Kaiser Permanente, the country's largest health maintenance organization and one that is often held out as a model for President Clinton's health care reform, is coming under attack by critics who say it doesn't provide enough care to poor people to justify its tax-exempt status.

The not-for-profit Kaiser Permanente has been praised for its financial strength while providing health care to large populations through a managed care system. Managed care organizations such as HMOs are touted by many specialists as the way to provide quality care while curbing costs.

But in recent months, California officials and congressional investigators have questioned Kaiser's management, citing the increasing cost of its membership dues and what they characterize as a less-than-adequate role in poor communities despite record income.

Kaiser defends its record, saying it contributes more than $140 million to the community, and $100 million more in free service to the poor.

The criticism comes as the Internal Revenue Service and several states, including California and Texas, are stepping up their scrutiny of nonprofit HMOs, hospitals and other health care providers, and in many cases threatening to revoke their tax-exempt status.

Kaiser ranked first among the nation's 20 largest not-for-profit health care systems, but last in amount of free care provided to the poor, according to a recent survey by Modern Healthcare magazine. At the same time, the cost of joining the HMO in California has risen steadily, making it by Kaiser's own account among the most expensive HMOs in California.

"If you receive tax-exempt status from the public, you should be providing health care services at least equal to the value of that status. If not, maybe you should lose it," said California Assemblyman Johan Klehs (D), chairman of the assembly's tax committee.

In 1992, Kaiser had net income of $796 million on revenue of $11 billion. It serves 6.6 million people, 4.7 million of them in California, the rest in 16 states, including Maryland and Virginia, and in the District.

Today, a subcommitte of the House Energy and Commerce Committe, chaired by Rep. John D. Dingell (D-Mich.), will question Kaiser officials in the first of several hearings that are scheduled to examine not-for-profit HMOs and hospitals.

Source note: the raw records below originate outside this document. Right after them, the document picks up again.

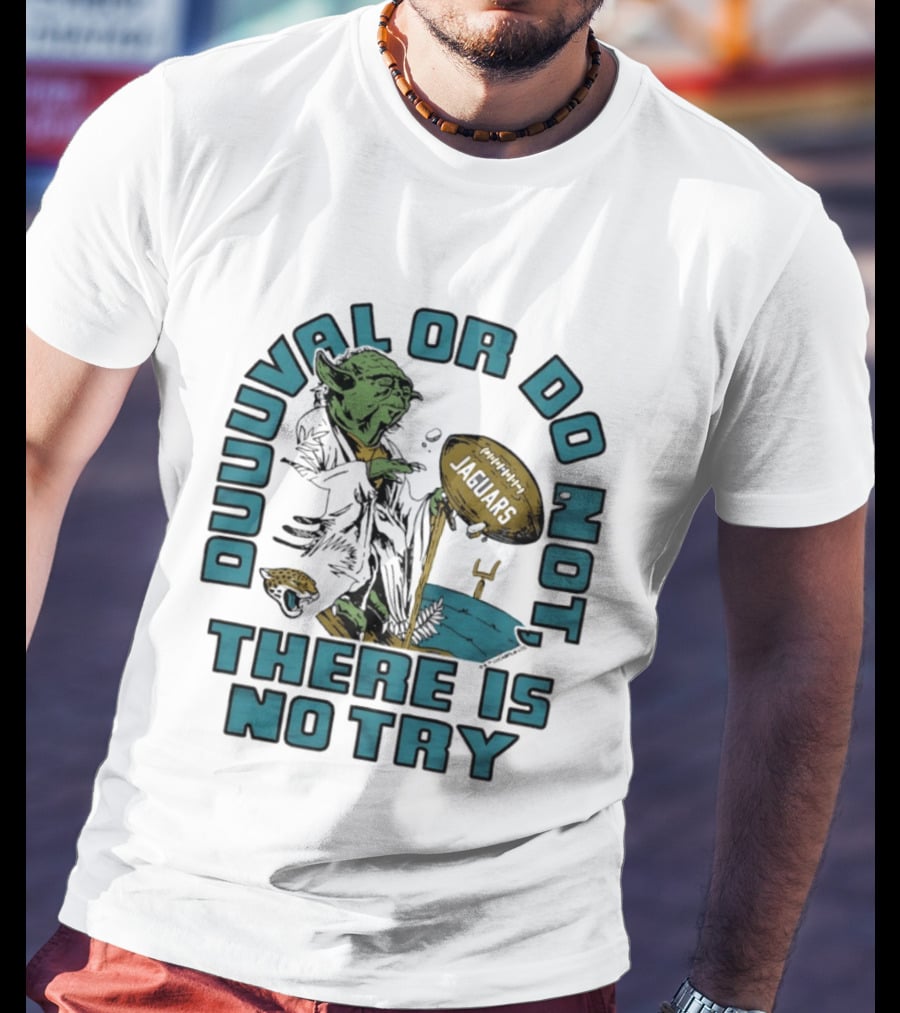 Duuuval Or Do Not There Is No Try Yoda Jacksonville Jaguars T-Shirt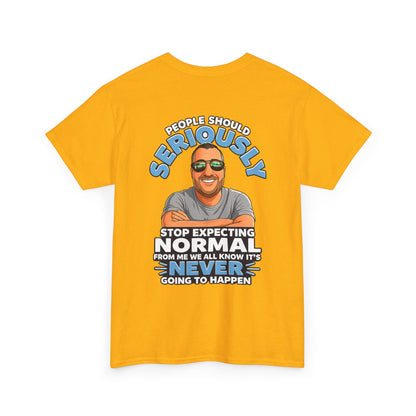 T‑Shirt — “People Should Seriously Stop Expecting Normal” Funny Graphic Tee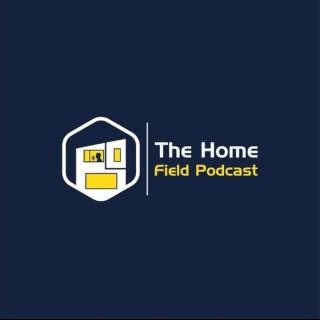 The Home Field Podcast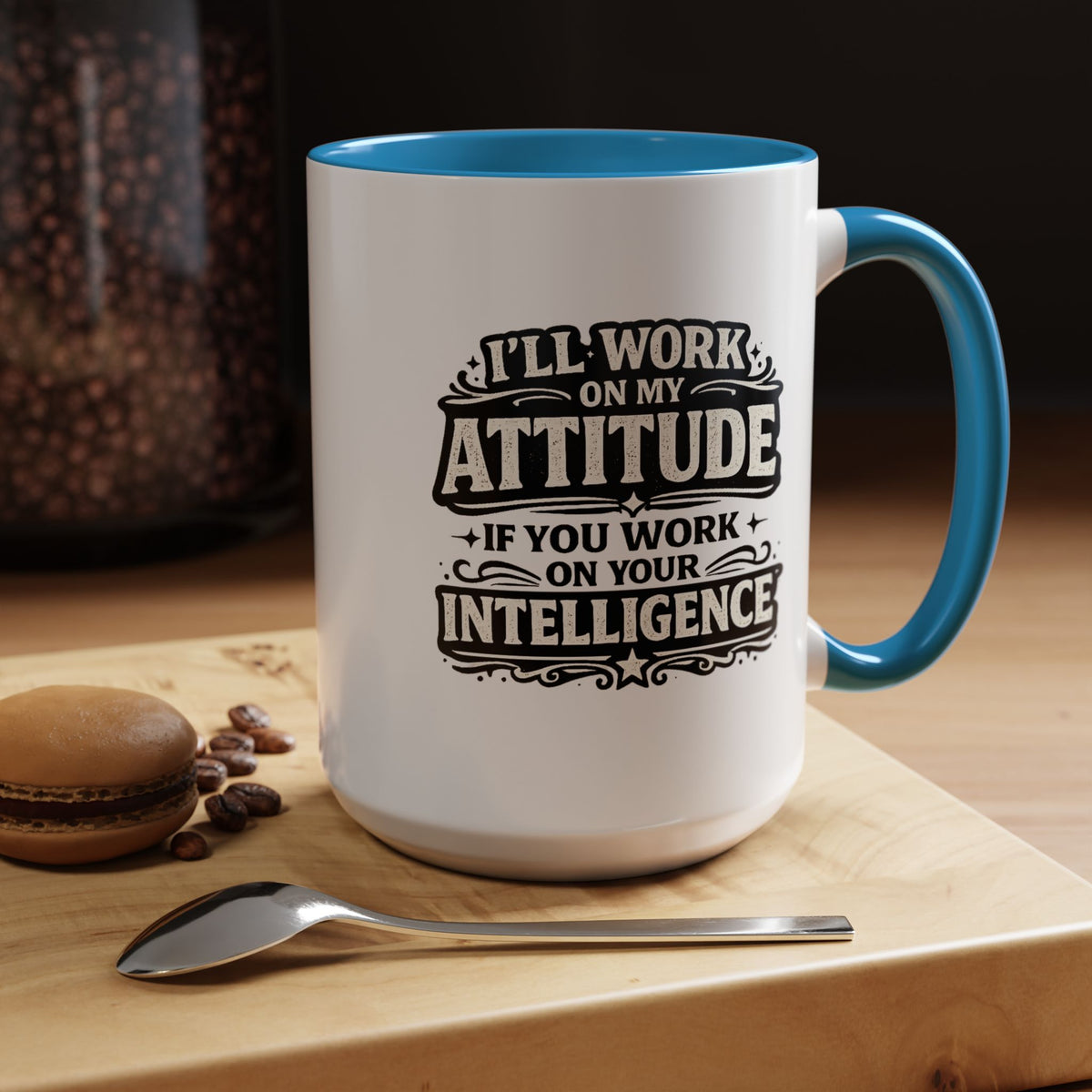 Funny Attitude Coffee Mug, I'll Work On My Attitude Mug, Sarcastic Office Humor Cup, Funny Coworker Gift, Boss Gift for Work Friend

Earlier this year, Kaiser's record among the poor was questioned by the California agency that authorizes not-for-profit health groups to issue tax-exempt bonds. The agency forced Kaiser to step up services to poor people, through advertising and other means, before allowing the HMO to issue $220 million in bonds.

The California agency that oversees the state's health care program for the poor also has criticized Kaiser, writing that the HMO's service to the poor was not "proportionate to their market strength or penetration."

Kaiser also has come under tough criticism from the Service Employees International Union in Los Angeles, which is locked in a labor dispute with the HMO. The union has been asking California legislators, congressional investigators and anyone else who will listen whether Kaiser deserves its tax-exempt status given its track record in community service. Kaiser discounts the union's criticism as a negotiating tactic.